Of Chickenpox, Isolation and Solitude
After a full throttle leadership position with the Methodist Youth for the past two years, I figured that I probably need a vacation. Finally, I can be free of worries and anxieties in running a national organization.
By the end of June, I packed my bags. Bought a bus ticket. And off I went to Baguio City.
I enjoyed the mountains of Benguet and the Asin Hot Spring at town of Tuba. Little did I know that a very annoying virus was already creeping into my system on that fateful Saturday.
That night, I felt like I was swimming in the Jacuzzi of Asin hotspring. Too bad, it was only my fever. Good thing I had some medicines with me. The morning after, I noticed some weird-looking itchy little pimples all over my body. Dang! This could be none other than the most dreaded chickenpox! I had no choice but to go home right away. So much for my Baguio vacation, I couldn’t even buy Benguet brew coffee beans!
The dreaded chickenpox appeared all over my body, covering me like Venom’s dark alien suit. I felt bad. Weak and ill. And itchy all over. When I arrived home at Quezon City, the verdict came like a clanging metal door shutting me out of the civilized world. ISOLATION!

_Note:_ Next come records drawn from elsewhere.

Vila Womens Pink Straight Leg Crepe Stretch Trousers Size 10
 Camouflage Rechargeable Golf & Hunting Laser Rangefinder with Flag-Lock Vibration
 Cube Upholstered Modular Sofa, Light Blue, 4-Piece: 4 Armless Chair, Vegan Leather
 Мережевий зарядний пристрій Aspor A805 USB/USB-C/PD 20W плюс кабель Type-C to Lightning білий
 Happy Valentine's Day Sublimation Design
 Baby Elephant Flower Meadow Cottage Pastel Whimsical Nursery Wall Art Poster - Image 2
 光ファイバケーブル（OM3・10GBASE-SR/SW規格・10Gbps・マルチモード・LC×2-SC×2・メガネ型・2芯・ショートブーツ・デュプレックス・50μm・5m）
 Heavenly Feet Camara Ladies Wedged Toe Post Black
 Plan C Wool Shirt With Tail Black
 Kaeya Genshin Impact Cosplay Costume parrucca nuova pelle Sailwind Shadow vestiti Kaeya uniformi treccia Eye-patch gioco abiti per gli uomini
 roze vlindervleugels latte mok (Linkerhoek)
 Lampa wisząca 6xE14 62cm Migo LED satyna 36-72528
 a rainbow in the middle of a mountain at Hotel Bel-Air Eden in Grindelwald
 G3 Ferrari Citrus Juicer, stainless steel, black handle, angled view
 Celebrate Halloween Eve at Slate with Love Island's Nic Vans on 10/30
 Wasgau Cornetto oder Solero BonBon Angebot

Itching all over, feeling eeky for not taking a bath for several days, and frustrated, too for not being able to move freely, I had to accept my fate with resignation.
Come to think of it, that was the first time I really stayed at home and rested that much! Since I didn’t have any choice, I tried to put my isolation to good use. I had a movie marathon. I read some of my books. I texted my friends. I stared out the window. Texted some more. And sighed a lot!
And yet…
I ran out of ideas on what to do. I ran out of movies to watch and even reading books became a bore. Then I began thinking of how I could make the most out of my isolation.
I thought about the past two years of leadership and how I lacked rest. How I flitted from meeting to meeting; activity to activity; one program after another; a concert here, a conference there and lots and lots of tedious thinking in between!
To get an attitude of solitude, I had to experience isolation. Isolation imposed on me because of my chickenpox. Without my illness, I would have continued my full throttle lifestyle. Such busy lifestyle steal away precious time of solitude for meditation, reflection and rest. I know I’ve been guilty in that. With my Baguio trip, I thought I could finally find solitude. I was wrong.
In the midst of isolation, chickenpox and frustration, there I found solitude… and when I began praying, I sensed God listening, patiently waiting…

Hello, Mighty!
I enjoyed reading this one. I know how frustrating it is when you are on an imposed whatever… but I like how you eventually learned to live with it, and see good in it.
Positive attitude, that’s it.
Hey ate. Heheh. Isolation is very frustrating!
Lalo na pag may chickenpox ka. Too bad, I got a lot of scars from it.